### Exercise materials
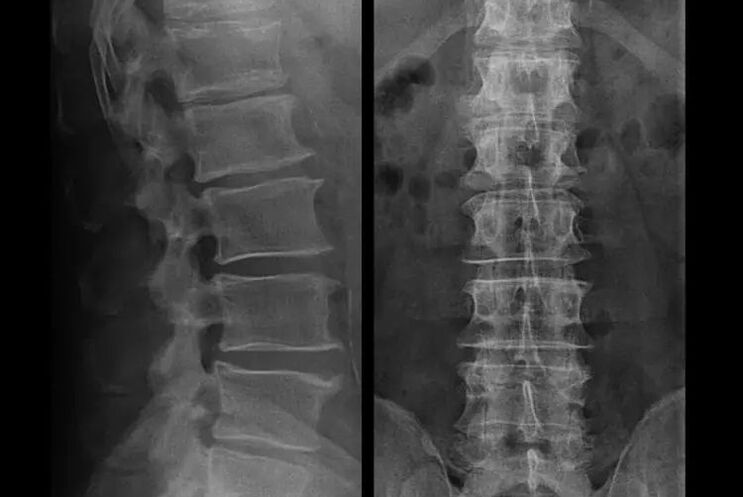 Osteochondrose op Röntgen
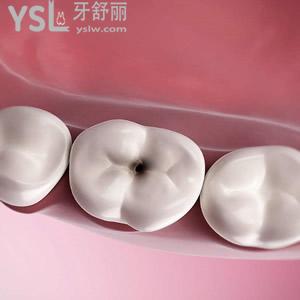 根管治療磨牙原價和現(xiàn)價各是多少？珠海九龍口腔醫(yī)院收費標準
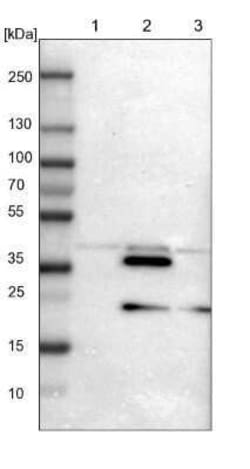 CrkL Antibody, Novus Biologicals 25 &mu;L; Unconjugated:Antibodies, Polyclonal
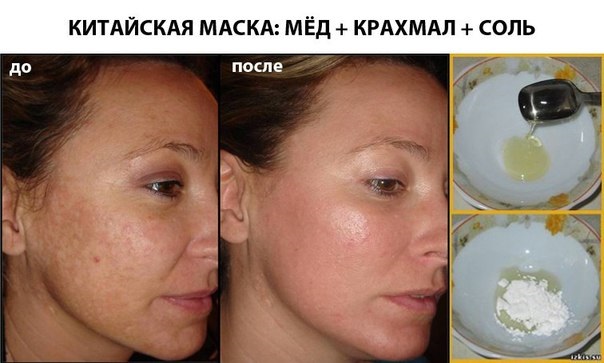 Topeng muka pati dengan kesan botox, anti-kedut, untuk kulit kering, dengan kefir, pisang, soda, garam, minyak zaitun. Resepi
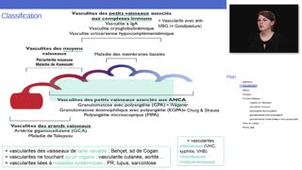 ECN 189 - Vascularites systémiques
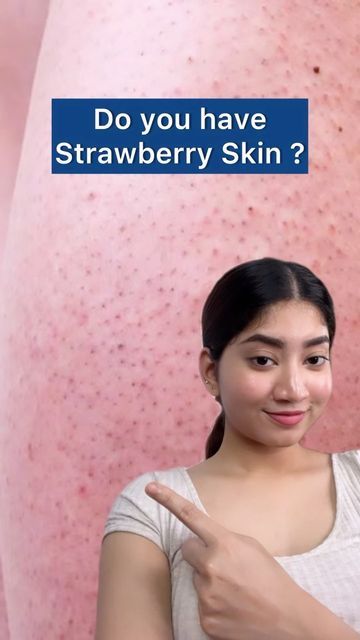 Ria Amin | Content Creator on Instagram: "Dealing with Strawberry Skin problems?🤔 AHA BHA Body Pack by @be.bodywise🤩 is the best combination to deal with that! This Kit comprises 1% Salicylic Acid Bodywash, a BHA that unclogs pores and cleanses our pores. And the second one is the 5% Lactic Acid Body Lotion, an AHA that not only exfoliates but also helps in new cell regeneration resulting in nourished skin. 👉 With my code RIABW10 💙 get ✨️10%✨️ off on this AHA BHA kit. Two of the main active Lotion For Strawberry Skin, For Strawberry Skin, Strawberry Skin, Aha And Bha, Strawberry Legs, Aha Bha, Cell Regeneration, Skin Essentials, Unclog Pores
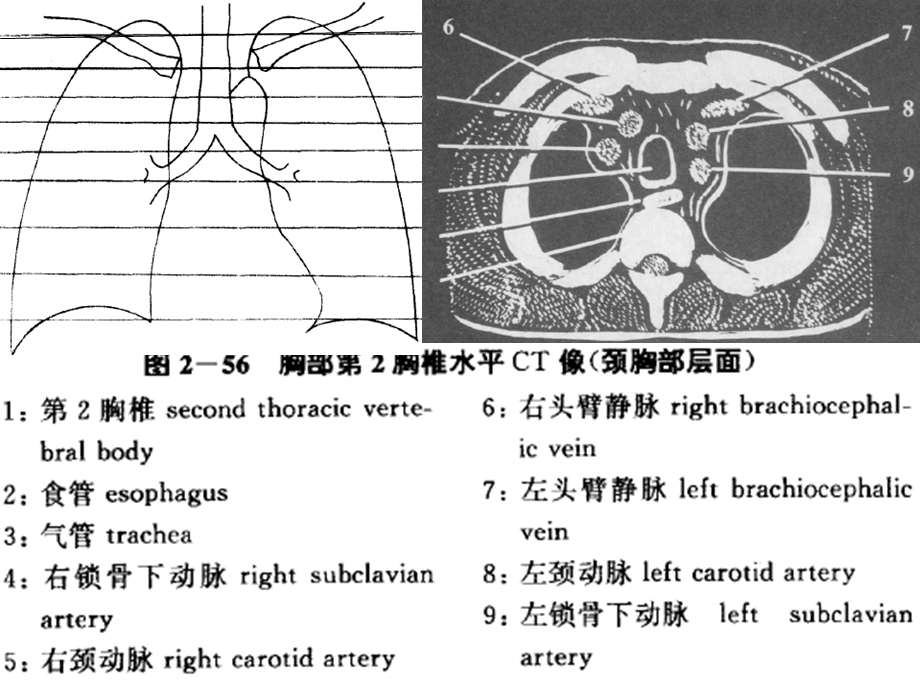 心血管系统CT读片手册.ppt_第2页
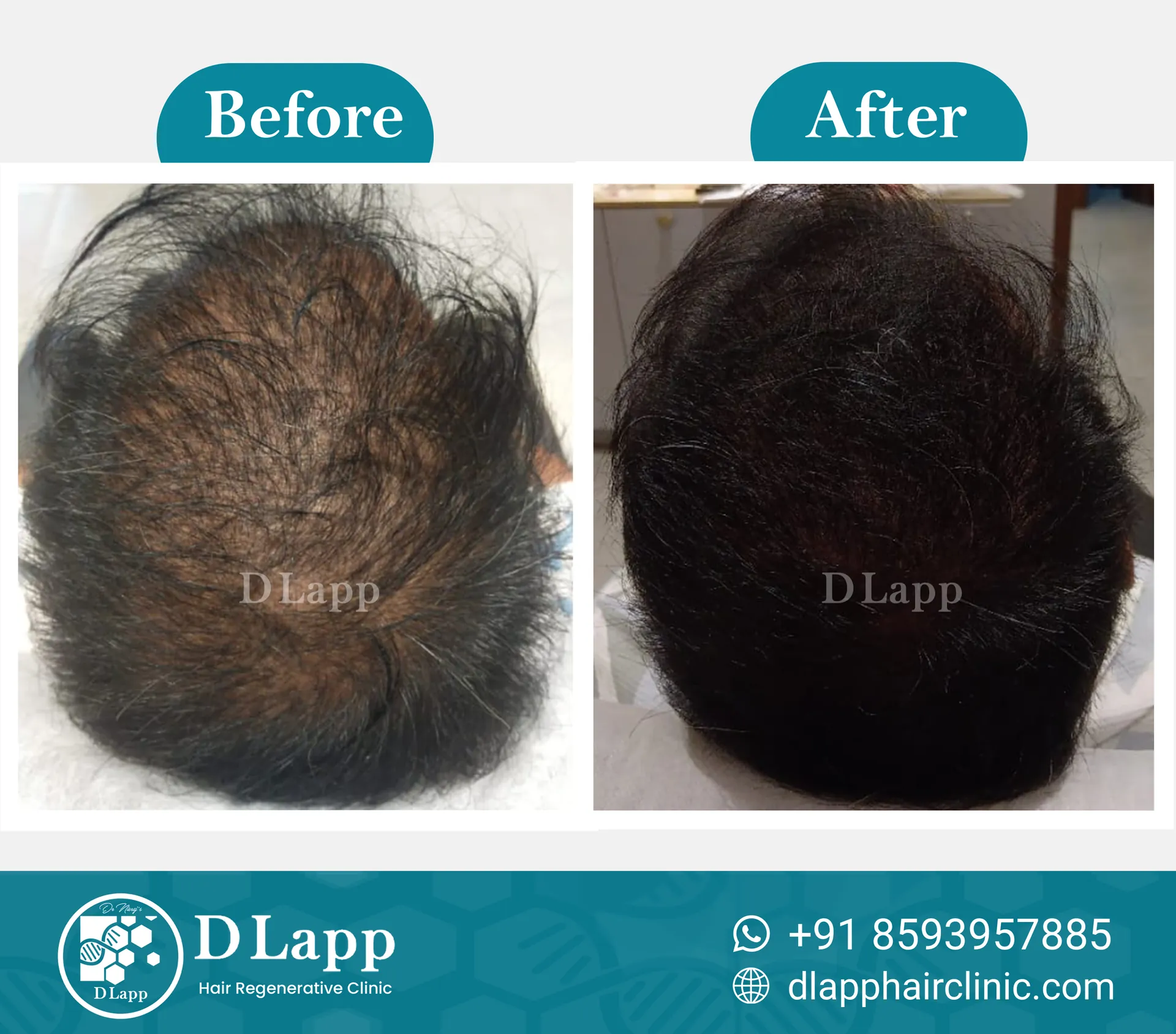 Before/After Medical Image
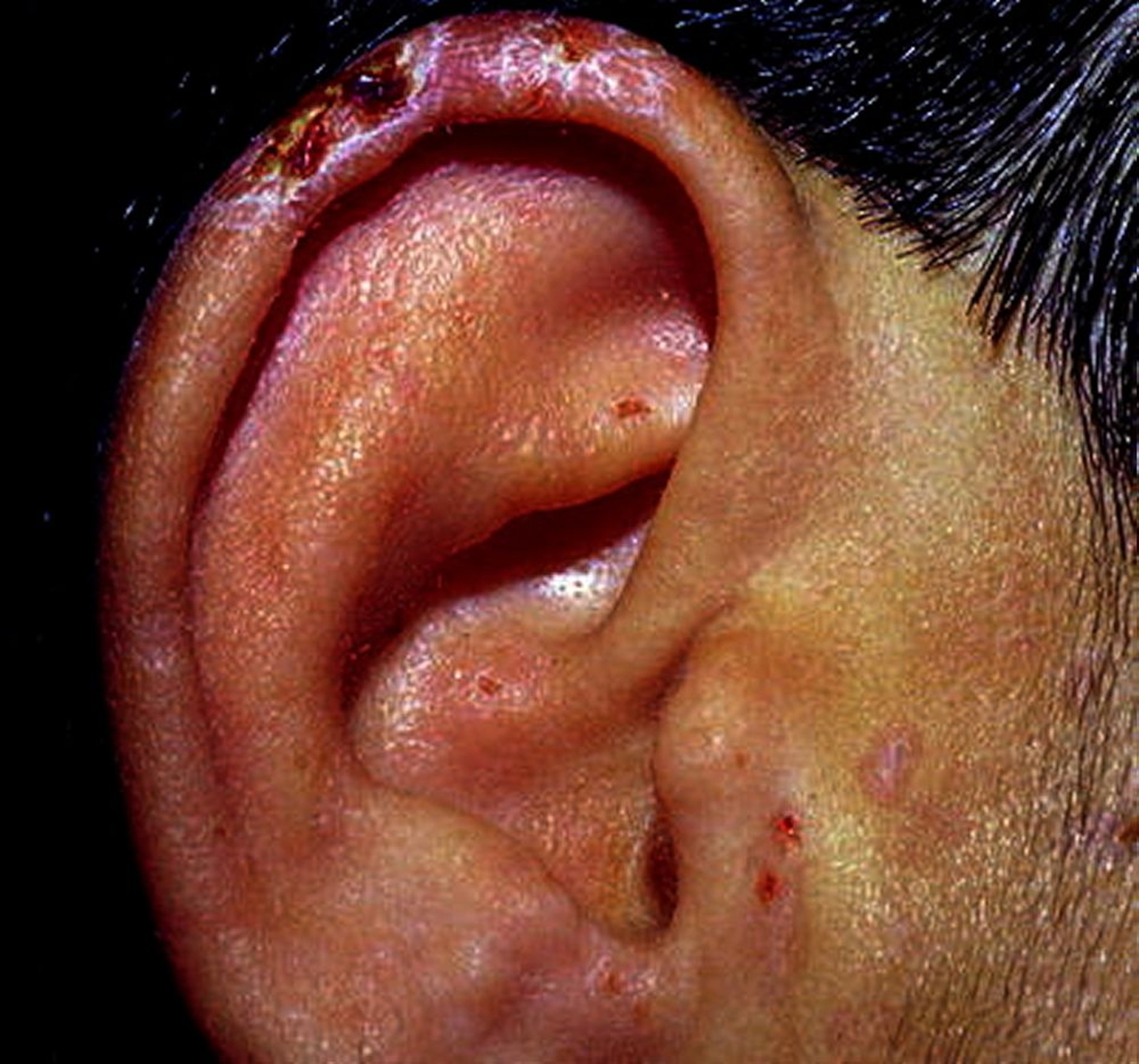 Porphyria Cutanea Tarda (Earlobe)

### Instructions to follow
Take the line containing "Before/After Medical Image" and every line after it up to the end of the data, and write them out exactly, without the pictures.

### Exercise answer
 Before/After Medical Image
 Porphyria Cutanea Tarda (Earlobe)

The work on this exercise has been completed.